======== SUPPLIED MATERIAL
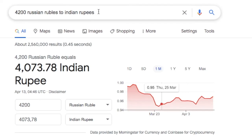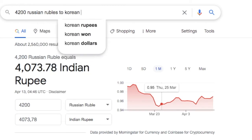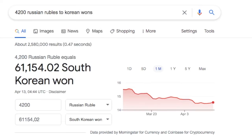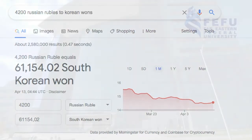You can also change your target currency easily. Let's take Korean won — and here it is.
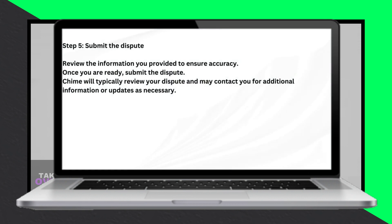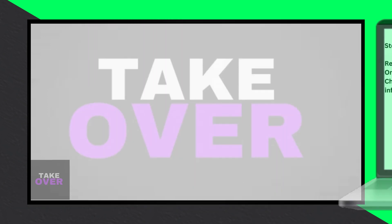Provide relevant information. Follow the prompts to provide details about the disputed transaction. Clearly and accurately describe the issue, including any supporting information or evidence you may have, such as receipts or communication with the merchant.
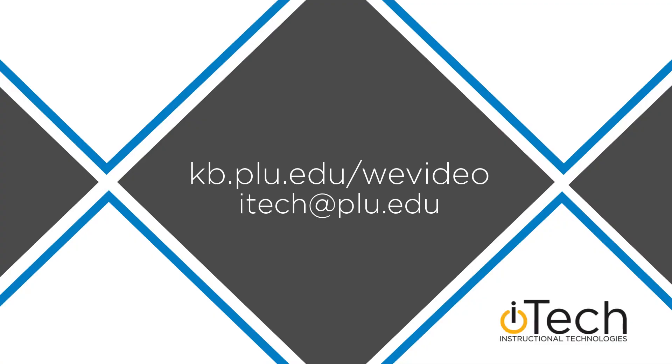More information about WeVideo can be found in our other videos, as well as the PLU Knowledge Base.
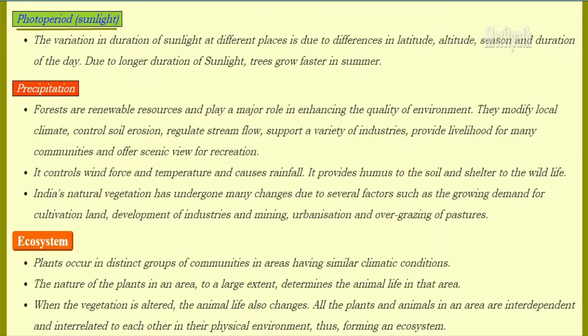Next is photo period, also known as sunlight. The variation in duration of sunlight at different places is due to differences in latitude, altitude, season, and also difference of the day. Longer duration of sunlight makes trees grow very fast in the summer.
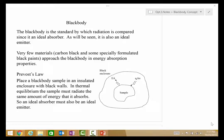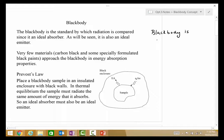The black body is the standard by which radiation is compared, since it is an ideal absorber and, as will be seen, also an ideal emitter. Very few materials — carbon black and some specially formulated black paints — approach the black body in terms of energy absorption properties. Prevost's law says that if you place a black body in an insulated enclosure with black walls, it will come into thermal equilibrium, meaning the sample must radiate the same amount of energy as it absorbs. So a black body is both an ideal absorber and an ideal emitter.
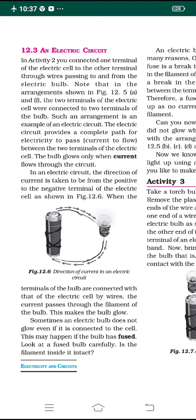If the bulb has fused, the electricity cannot pass and the bulb does not glow. Today students, I hope you understood the concept of electric circuit. Try to draw the diagram and understand the definition and explanation. Thank you and have a nice day.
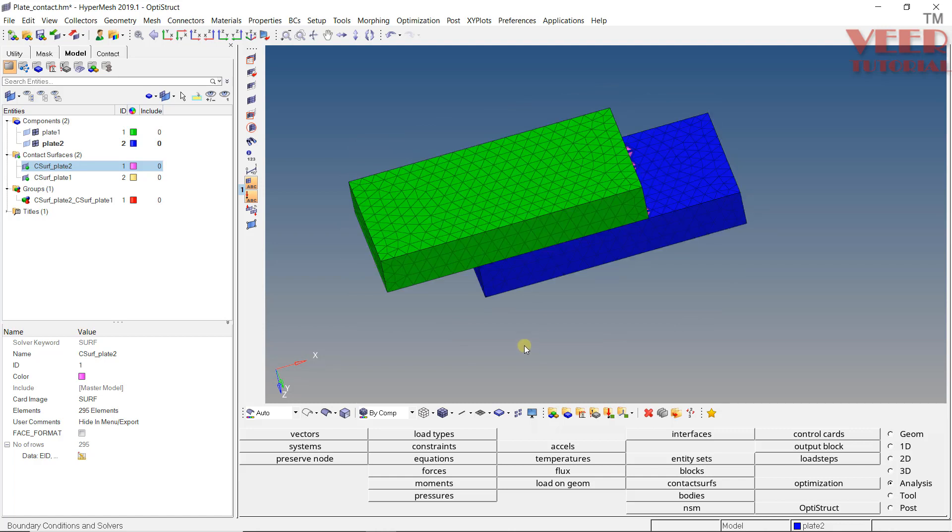This is the way of creating the auto contact. In the next lecture, we are going to learn how to create these contacts manually.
================
- **YOUR ASSIGNMENT**
In the records above, find the line with "Provide relevant information." and the line with "Next is photo". Write out exactly those lines and every one between, with no pictures and no other lines.

- **SOLUTION FOR THIS EXERCISE**
Provide relevant information. Follow the prompts to provide details about the disputed transaction. Clearly and accurately describe the issue, including any supporting information or evidence you may have, such as receipts or communication with the merchant.
More information about WeVideo can be found in our other videos, as well as the PLU Knowledge Base.
Next is photo period, also known as sunlight. The variation in duration of sunlight at different places is due to differences in latitude, altitude, season, and also difference of the day. Longer duration of sunlight makes trees grow very fast in the summer.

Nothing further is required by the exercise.